■ Material provided ■
########

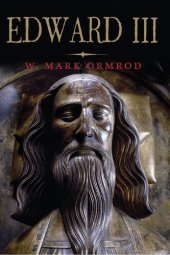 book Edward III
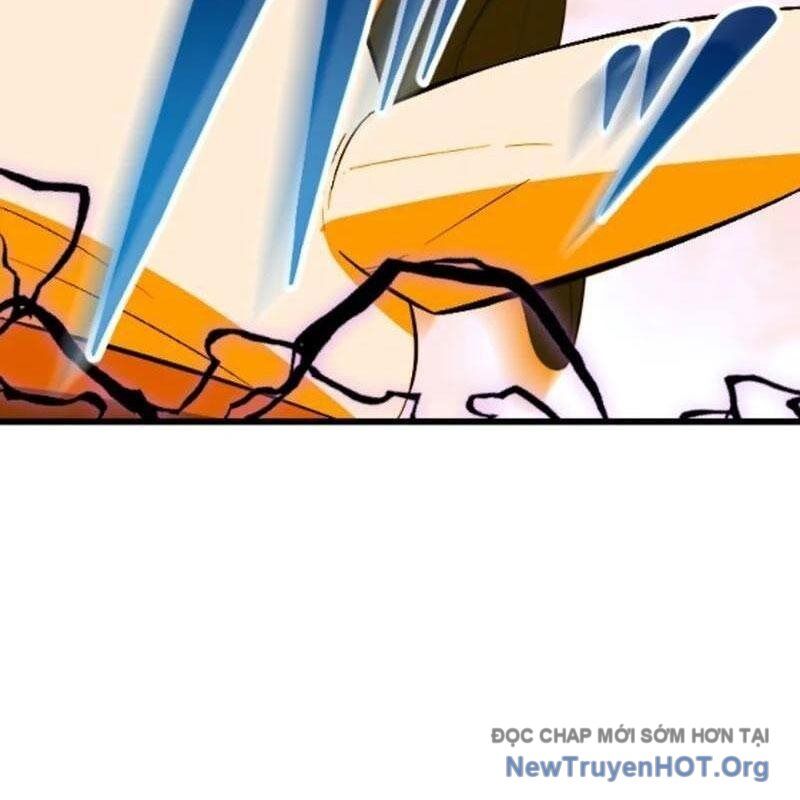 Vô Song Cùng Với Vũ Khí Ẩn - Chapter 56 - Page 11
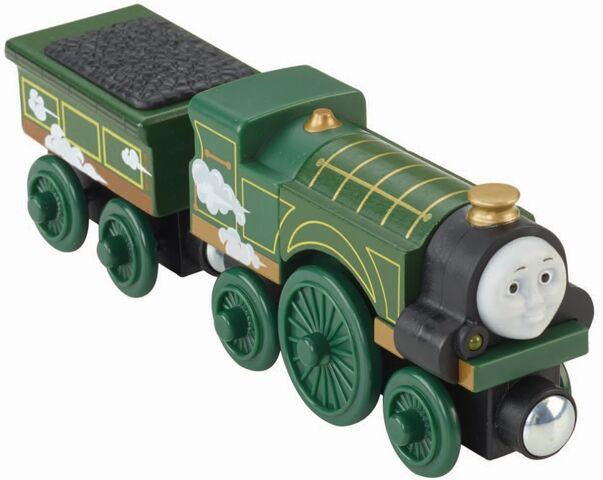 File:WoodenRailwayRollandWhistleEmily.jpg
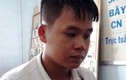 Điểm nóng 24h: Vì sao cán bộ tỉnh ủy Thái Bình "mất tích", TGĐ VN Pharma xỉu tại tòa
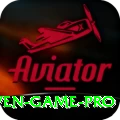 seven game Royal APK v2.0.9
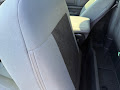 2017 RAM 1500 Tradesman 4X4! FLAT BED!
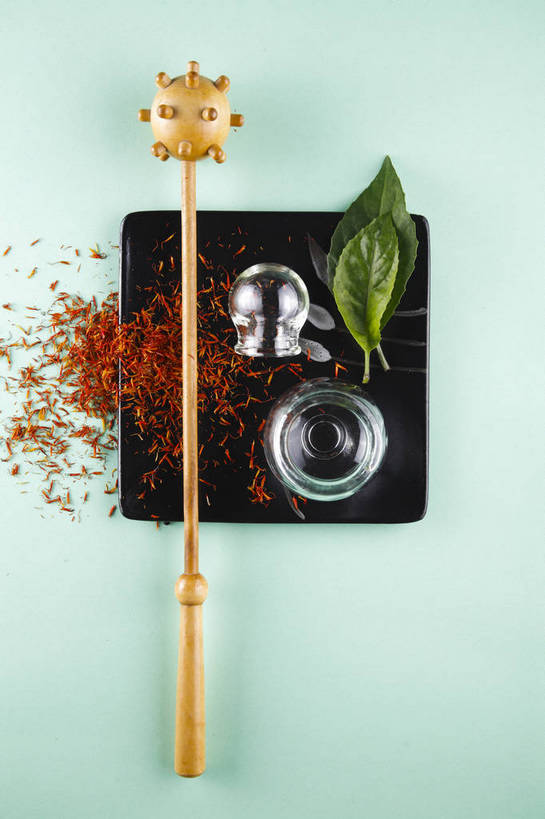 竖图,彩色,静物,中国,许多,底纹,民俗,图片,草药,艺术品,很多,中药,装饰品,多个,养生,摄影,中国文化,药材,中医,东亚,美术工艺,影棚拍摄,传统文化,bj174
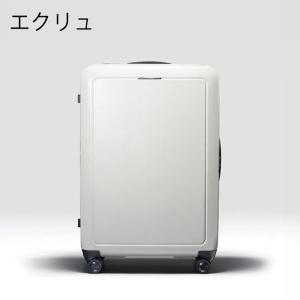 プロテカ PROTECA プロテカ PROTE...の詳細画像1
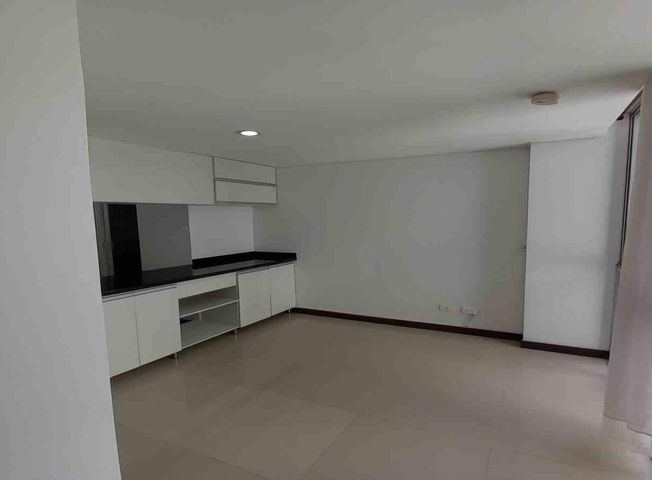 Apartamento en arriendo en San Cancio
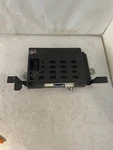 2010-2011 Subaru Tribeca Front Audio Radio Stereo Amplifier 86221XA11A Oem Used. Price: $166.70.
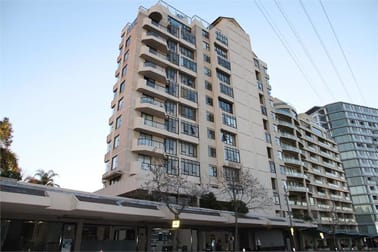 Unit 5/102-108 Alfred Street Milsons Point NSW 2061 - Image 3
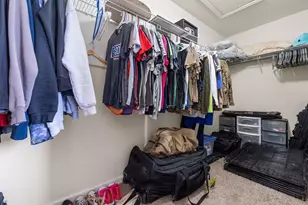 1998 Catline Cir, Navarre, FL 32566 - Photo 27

########

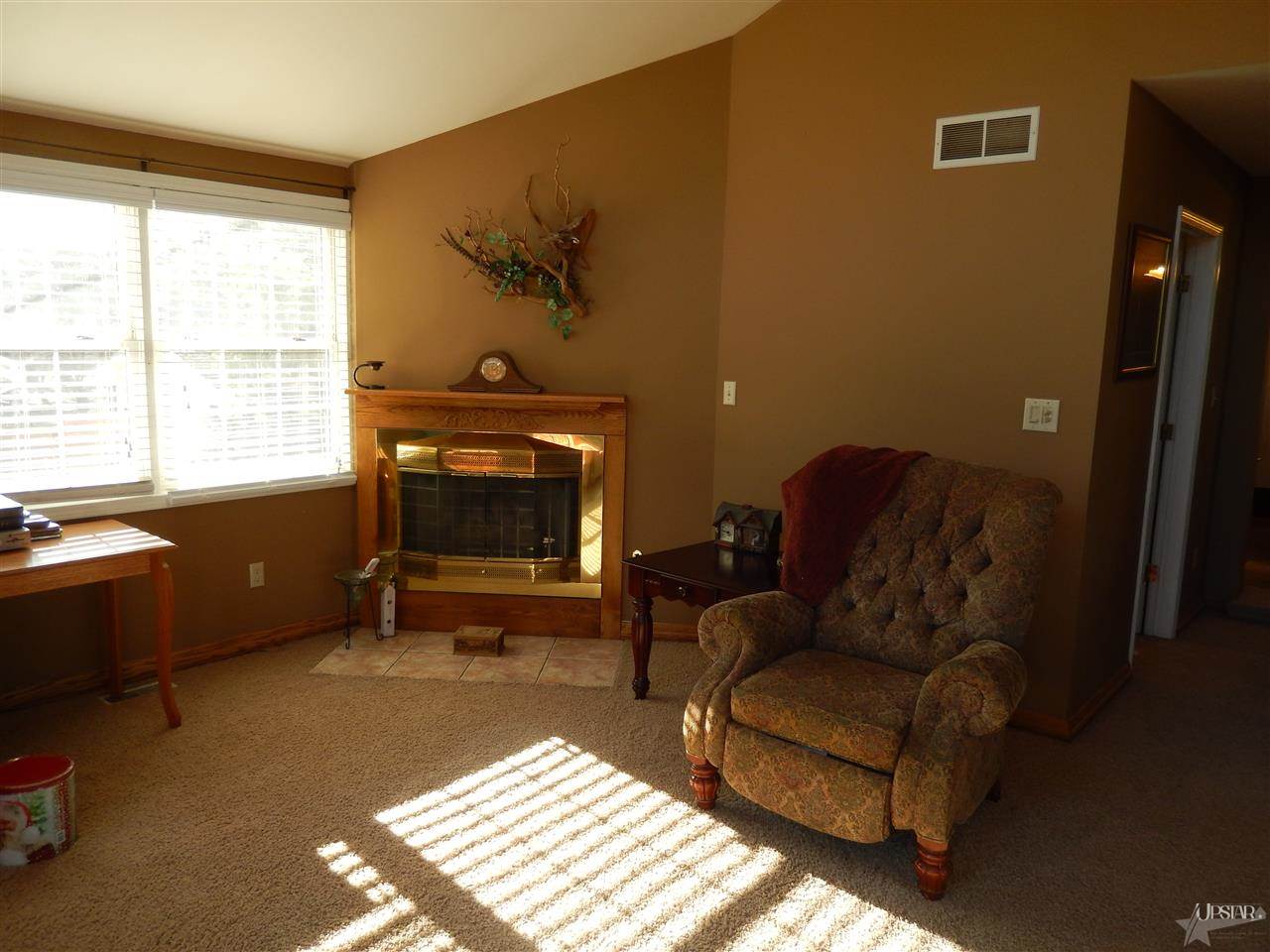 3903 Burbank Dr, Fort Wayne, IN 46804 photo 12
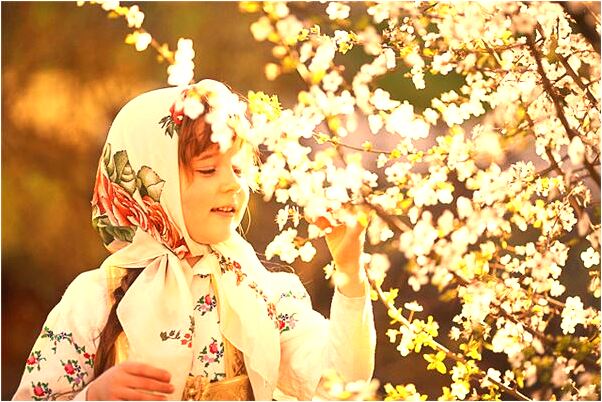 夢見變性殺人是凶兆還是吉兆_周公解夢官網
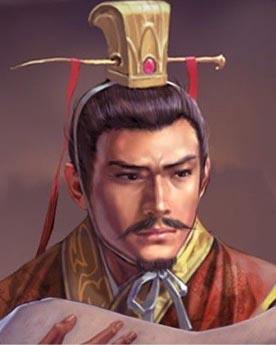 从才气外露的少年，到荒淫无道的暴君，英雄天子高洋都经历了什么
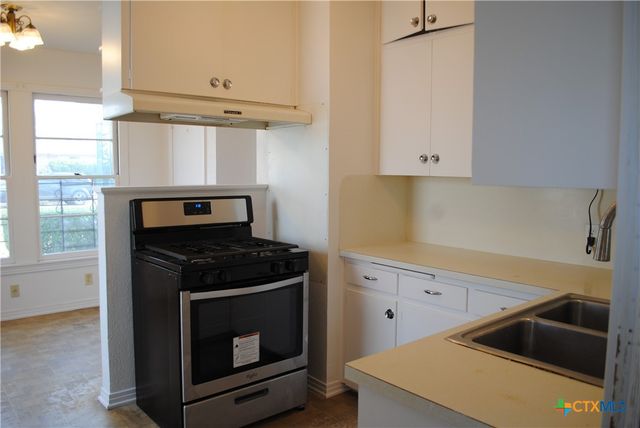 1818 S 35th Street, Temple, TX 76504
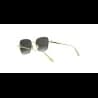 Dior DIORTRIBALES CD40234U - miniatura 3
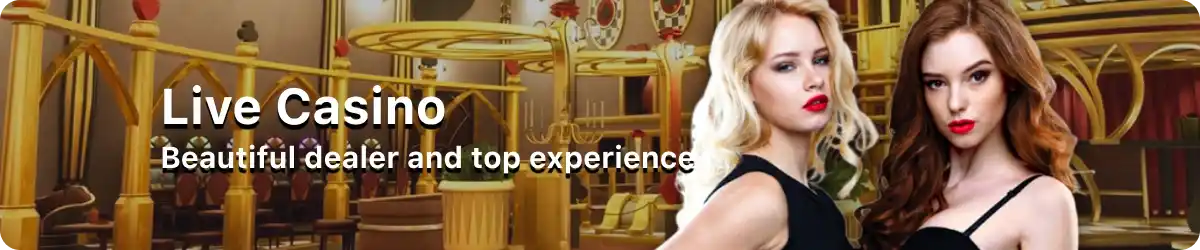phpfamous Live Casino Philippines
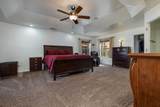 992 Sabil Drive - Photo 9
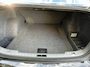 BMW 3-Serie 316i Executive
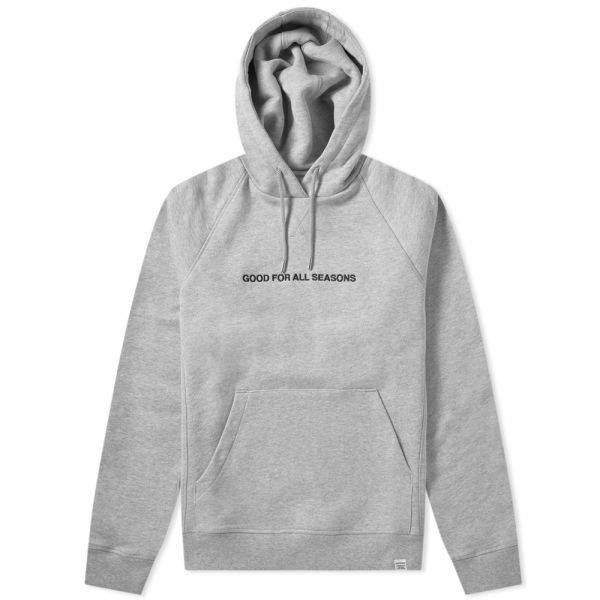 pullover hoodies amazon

########

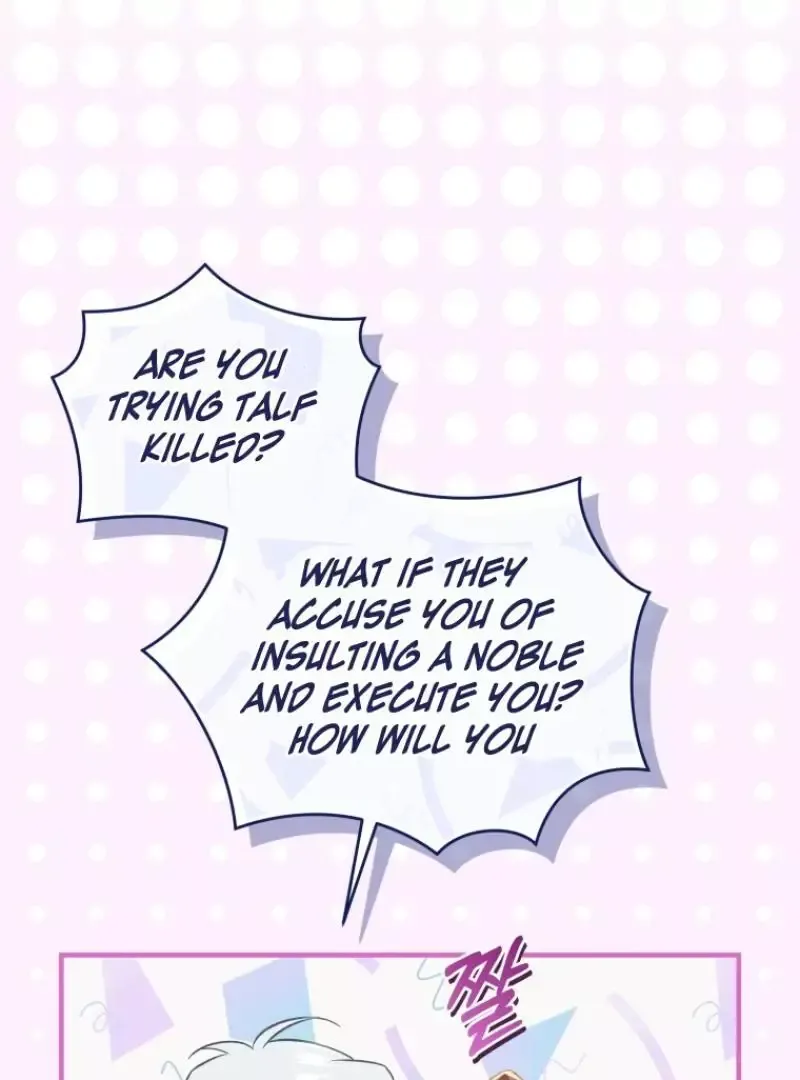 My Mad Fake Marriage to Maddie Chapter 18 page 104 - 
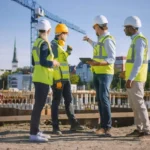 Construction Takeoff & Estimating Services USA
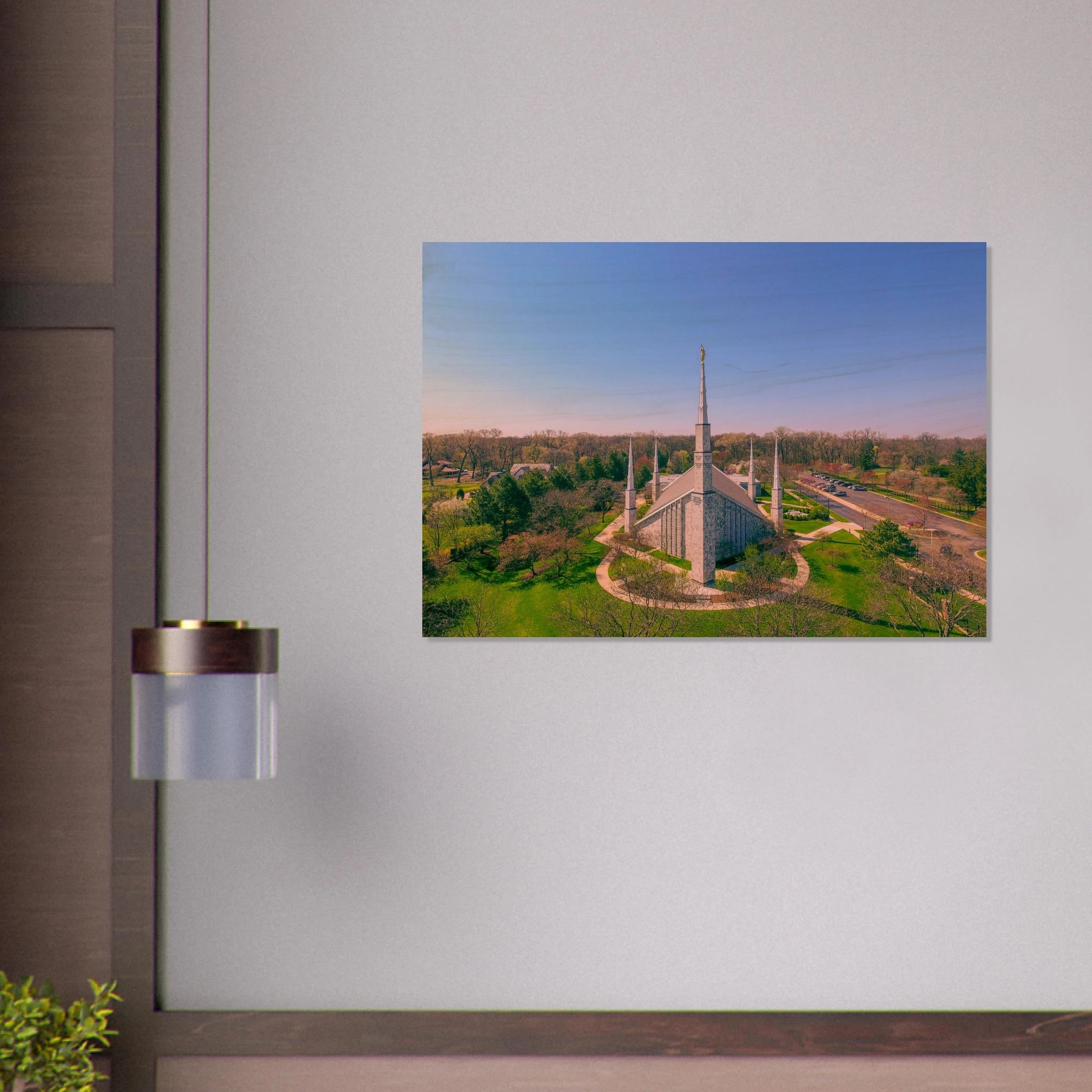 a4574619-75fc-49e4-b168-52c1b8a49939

########

From the line holding "プロテカ PROTECA プロテカ PROTE...の詳細画像1" to the line holding "1998 Catline Cir, Navarre, FL", both included, retype the entries above exactly and drop the pictures.

■ Output for this task ■
 プロテカ PROTECA プロテカ PROTE...の詳細画像1
 Apartamento en arriendo en San Cancio
 2010-2011 Subaru Tribeca Front Audio Radio Stereo Amplifier 86221XA11A Oem Used. Price: $166.70.
 Unit 5/102-108 Alfred Street Milsons Point NSW 2061 - Image 3
 1998 Catline Cir, Navarre, FL 32566 - Photo 27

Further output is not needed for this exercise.